Lively describe los jardines ingleses dotándolos de extraordinarias características: «Los jardines ingleses no están encorsetados; son frondosos, exuberantes, amplios. Están generosamente plantados».

«¿Qué sería de nosotros sin la hortensia, la budelia, el arbusto de rosas?. Rosas, rosas por doquier. Rosas en lo alto, y rosas a los pies por la casa trepando por los muros. Llevamos el jardín a todas las dimensiones», observa Lively.

Los jardines son una de las facetas fundamentales en la vida de esta escritora inglesa que, a sus 76 años, los ha elevado a símbolos de arte e inspiración para creadores ingleses o irlandeses que han plasmado en sus pequeños o grandes jardines esta tradición transmitida de padres a hijos en cualquier espacio de tierra que tengan a su disposición.
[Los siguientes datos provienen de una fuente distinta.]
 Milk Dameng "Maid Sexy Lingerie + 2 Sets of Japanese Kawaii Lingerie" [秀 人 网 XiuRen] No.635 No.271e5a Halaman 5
Para Enrique Redel, «yo me quedo en concreto con el ejemplo que ofrece de Virginia Woolf, porque el tema de los jardines en muchos de los escritores es alegórico».

Los escritores utilizan el jardín, a veces como elemento en el que la naturaleza describe una situación, «como en el personaje de Rebeca (en la película homónima) cuando la protagonista llega a la mansión de Manderly, donde el jardín sirve para caracterizar lo que existe alrededor».

Sin embargo, en Virginia Woolf (Londres, 25 de enero de 1882-Lewes, Sussex, 28 de marzo de 1941), «el jardín está metido dentro de su propia vida y en sus diarios hace un retrato del jardín de su casa en Richmond casi como si se tratara de un jardín terapéutico».

«Lively habla de una imagen preciosa de la tierra color chocolate metida dentro de las uñas de la propia escritora. Pero Woolf, unos pocos días antes de suicidarse en el río Ouse, en el año 1944, anota en su diario lecciones de jardinería que lleva a cabo».

Para Virginia Woolf, el jardín es algo básico para sus novelas y forma parte de su vida, y según Redel, el jardín paradigmático para Lovely es el de esta escritora británica.

«En Lively hay un elemento de nostalgia muy importante que forma parte de su pasado y es el que le liga al jardín egipcio en la casa donde vivía y que crearon su abuela y su madre, y donde había árboles y flores inglesas. Si yo tuviera que hablar de un jardín del que realmente ella estuviera enamorada es éste, el jardín de su infancia».

El jardín, para Lively, a parte de ser un paradigma para los ingleses, en todo momento deja claro que ella, como buena inglesa, ama el jardín inglés y lo compara con el jardín francés, que es mucho más cartesiano, mucho más ordenado y paisajístico.
La pasión de los ingleses por tener un jardín en su casa procede del periodo de la II Guerra Mundial, cuando Gran Bretaña estaba siendo atacada y asediada, impidiendo que llegaran los alimentos.

«Entonces Churchill animó a que los ingleses cultivaran en sus casas alguna especie vegetal para alimentarse, hasta llegar a convertirse con el tiempo el jardín en un elemento cultural como puede ser la música, la literatura o la pintura para los ingleses», concluyó Enrique Redel.